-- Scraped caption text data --
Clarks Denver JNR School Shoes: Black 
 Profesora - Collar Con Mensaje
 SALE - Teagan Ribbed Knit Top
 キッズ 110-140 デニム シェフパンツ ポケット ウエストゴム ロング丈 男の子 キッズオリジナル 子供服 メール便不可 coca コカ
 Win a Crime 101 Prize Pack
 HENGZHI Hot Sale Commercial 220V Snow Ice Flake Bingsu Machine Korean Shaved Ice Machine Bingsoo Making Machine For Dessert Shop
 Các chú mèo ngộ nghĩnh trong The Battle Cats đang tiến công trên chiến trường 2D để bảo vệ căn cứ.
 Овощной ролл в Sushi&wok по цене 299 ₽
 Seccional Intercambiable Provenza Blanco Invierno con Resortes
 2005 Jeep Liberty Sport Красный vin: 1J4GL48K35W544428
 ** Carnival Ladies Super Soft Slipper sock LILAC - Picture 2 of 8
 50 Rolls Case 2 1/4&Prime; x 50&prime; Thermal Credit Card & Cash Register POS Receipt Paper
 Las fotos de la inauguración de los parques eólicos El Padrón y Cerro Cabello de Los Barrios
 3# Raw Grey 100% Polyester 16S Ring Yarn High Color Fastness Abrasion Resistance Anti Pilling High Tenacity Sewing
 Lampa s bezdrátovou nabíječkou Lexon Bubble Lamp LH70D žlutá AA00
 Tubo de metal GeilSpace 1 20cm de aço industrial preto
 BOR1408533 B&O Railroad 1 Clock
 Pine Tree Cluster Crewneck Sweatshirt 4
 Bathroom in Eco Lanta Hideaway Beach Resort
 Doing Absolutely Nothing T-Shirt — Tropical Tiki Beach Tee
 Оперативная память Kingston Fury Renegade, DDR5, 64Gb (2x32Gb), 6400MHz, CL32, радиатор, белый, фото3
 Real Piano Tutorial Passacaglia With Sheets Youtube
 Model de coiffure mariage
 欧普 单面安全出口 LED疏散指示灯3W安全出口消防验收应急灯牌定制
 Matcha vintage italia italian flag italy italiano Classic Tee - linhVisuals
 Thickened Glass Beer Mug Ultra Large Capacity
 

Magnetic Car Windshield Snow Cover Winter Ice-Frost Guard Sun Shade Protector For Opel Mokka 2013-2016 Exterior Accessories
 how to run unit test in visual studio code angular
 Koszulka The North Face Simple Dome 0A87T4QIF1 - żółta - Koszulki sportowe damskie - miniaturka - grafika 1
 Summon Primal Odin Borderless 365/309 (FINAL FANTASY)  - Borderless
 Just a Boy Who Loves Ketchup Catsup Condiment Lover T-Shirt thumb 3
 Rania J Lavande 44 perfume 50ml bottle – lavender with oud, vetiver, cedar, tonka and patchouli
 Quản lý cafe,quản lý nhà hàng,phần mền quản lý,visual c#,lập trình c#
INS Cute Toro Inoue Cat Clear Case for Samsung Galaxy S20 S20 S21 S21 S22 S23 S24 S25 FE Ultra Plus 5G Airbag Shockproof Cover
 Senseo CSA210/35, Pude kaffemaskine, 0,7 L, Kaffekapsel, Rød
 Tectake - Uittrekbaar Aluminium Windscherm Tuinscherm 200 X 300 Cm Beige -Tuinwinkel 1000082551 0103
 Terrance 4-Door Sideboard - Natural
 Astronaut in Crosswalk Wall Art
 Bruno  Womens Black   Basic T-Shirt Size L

-- Task directions --
Write each record out again exactly.

-- Exercise answer --
Clarks Denver JNR School Shoes: Black 
 Profesora - Collar Con Mensaje
 SALE - Teagan Ribbed Knit Top
 キッズ 110-140 デニム シェフパンツ ポケット ウエストゴム ロング丈 男の子 キッズオリジナル 子供服 メール便不可 coca コカ
 Win a Crime 101 Prize Pack
 HENGZHI Hot Sale Commercial 220V Snow Ice Flake Bingsu Machine Korean Shaved Ice Machine Bingsoo Making Machine For Dessert Shop
 Các chú mèo ngộ nghĩnh trong The Battle Cats đang tiến công trên chiến trường 2D để bảo vệ căn cứ.
 Овощной ролл в Sushi&wok по цене 299 ₽
 Seccional Intercambiable Provenza Blanco Invierno con Resortes
 2005 Jeep Liberty Sport Красный vin: 1J4GL48K35W544428
 ** Carnival Ladies Super Soft Slipper sock LILAC - Picture 2 of 8
 50 Rolls Case 2 1/4&Prime; x 50&prime; Thermal Credit Card & Cash Register POS Receipt Paper
 Las fotos de la inauguración de los parques eólicos El Padrón y Cerro Cabello de Los Barrios
 3# Raw Grey 100% Polyester 16S Ring Yarn High Color Fastness Abrasion Resistance Anti Pilling High Tenacity Sewing
 Lampa s bezdrátovou nabíječkou Lexon Bubble Lamp LH70D žlutá AA00
 Tubo de metal GeilSpace 1 20cm de aço industrial preto
 BOR1408533 B&O Railroad 1 Clock
 Pine Tree Cluster Crewneck Sweatshirt 4
 Bathroom in Eco Lanta Hideaway Beach Resort
 Doing Absolutely Nothing T-Shirt — Tropical Tiki Beach Tee
 Оперативная память Kingston Fury Renegade, DDR5, 64Gb (2x32Gb), 6400MHz, CL32, радиатор, белый, фото3
 Real Piano Tutorial Passacaglia With Sheets Youtube
 Model de coiffure mariage
 欧普 单面安全出口 LED疏散指示灯3W安全出口消防验收应急灯牌定制
 Matcha vintage italia italian flag italy italiano Classic Tee - linhVisuals
 Thickened Glass Beer Mug Ultra Large Capacity
 

Magnetic Car Windshield Snow Cover Winter Ice-Frost Guard Sun Shade Protector For Opel Mokka 2013-2016 Exterior Accessories
 how to run unit test in visual studio code angular
 Koszulka The North Face Simple Dome 0A87T4QIF1 - żółta - Koszulki sportowe damskie - miniaturka - grafika 1
 Summon Primal Odin Borderless 365/309 (FINAL FANTASY)  - Borderless
 Just a Boy Who Loves Ketchup Catsup Condiment Lover T-Shirt thumb 3
 Rania J Lavande 44 perfume 50ml bottle – lavender with oud, vetiver, cedar, tonka and patchouli
 Quản lý cafe,quản lý nhà hàng,phần mền quản lý,visual c#,lập trình c#
INS Cute Toro Inoue Cat Clear Case for Samsung Galaxy S20 S20 S21 S21 S22 S23 S24 S25 FE Ultra Plus 5G Airbag Shockproof Cover
 Senseo CSA210/35, Pude kaffemaskine, 0,7 L, Kaffekapsel, Rød
 Tectake - Uittrekbaar Aluminium Windscherm Tuinscherm 200 X 300 Cm Beige -Tuinwinkel 1000082551 0103
 Terrance 4-Door Sideboard - Natural
 Astronaut in Crosswalk Wall Art
 Bruno  Womens Black   Basic T-Shirt Size L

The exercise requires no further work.